WHAT IS EXPECTED: Lines below starting with the line with "322 Jackson St, Chelsea, MI 48118" and going on through the line with "Used 2022 Porsche Taycan image 9" must be output exactly; the rest of the records must be left out.

START EXERCISE MATERIALS

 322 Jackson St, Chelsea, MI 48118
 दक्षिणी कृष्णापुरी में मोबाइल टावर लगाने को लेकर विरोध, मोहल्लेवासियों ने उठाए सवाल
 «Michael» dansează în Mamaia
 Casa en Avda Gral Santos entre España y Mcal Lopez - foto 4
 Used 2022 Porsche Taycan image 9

END EXERCISE MATERIALS
START EXERCISE MATERIALS

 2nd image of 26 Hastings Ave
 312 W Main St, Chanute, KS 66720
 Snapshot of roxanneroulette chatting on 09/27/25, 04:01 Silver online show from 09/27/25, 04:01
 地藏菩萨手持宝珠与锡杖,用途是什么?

END EXERCISE MATERIALS
START EXERCISE MATERIALS

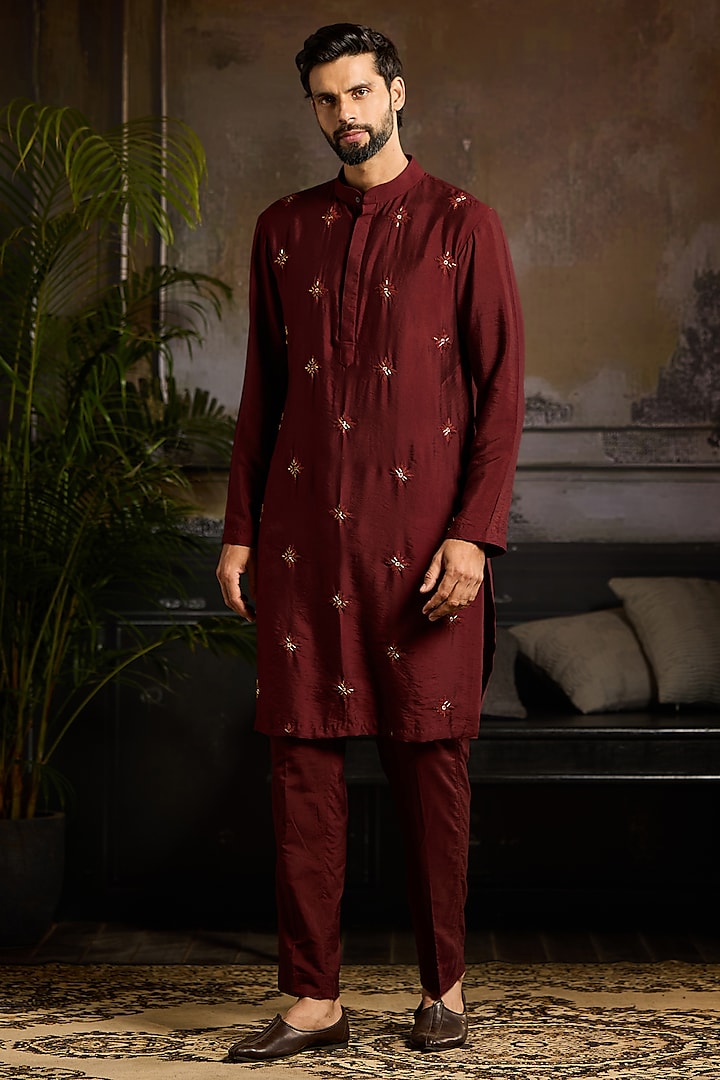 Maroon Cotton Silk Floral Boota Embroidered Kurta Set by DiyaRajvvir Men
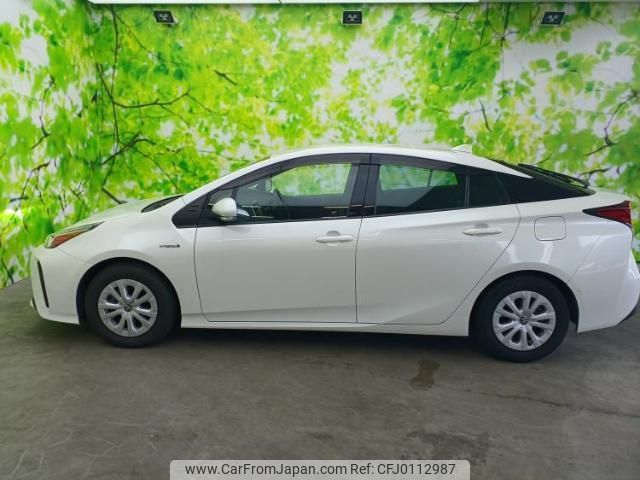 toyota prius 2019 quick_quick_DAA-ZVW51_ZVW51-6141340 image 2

END EXERCISE MATERIALS

RESPONSE AREA:
 322 Jackson St, Chelsea, MI 48118
 दक्षिणी कृष्णापुरी में मोबाइल टावर लगाने को लेकर विरोध, मोहल्लेवासियों ने उठाए सवाल
 «Michael» dansează în Mamaia
 Casa en Avda Gral Santos entre España y Mcal Lopez - foto 4
 Used 2022 Porsche Taycan image 9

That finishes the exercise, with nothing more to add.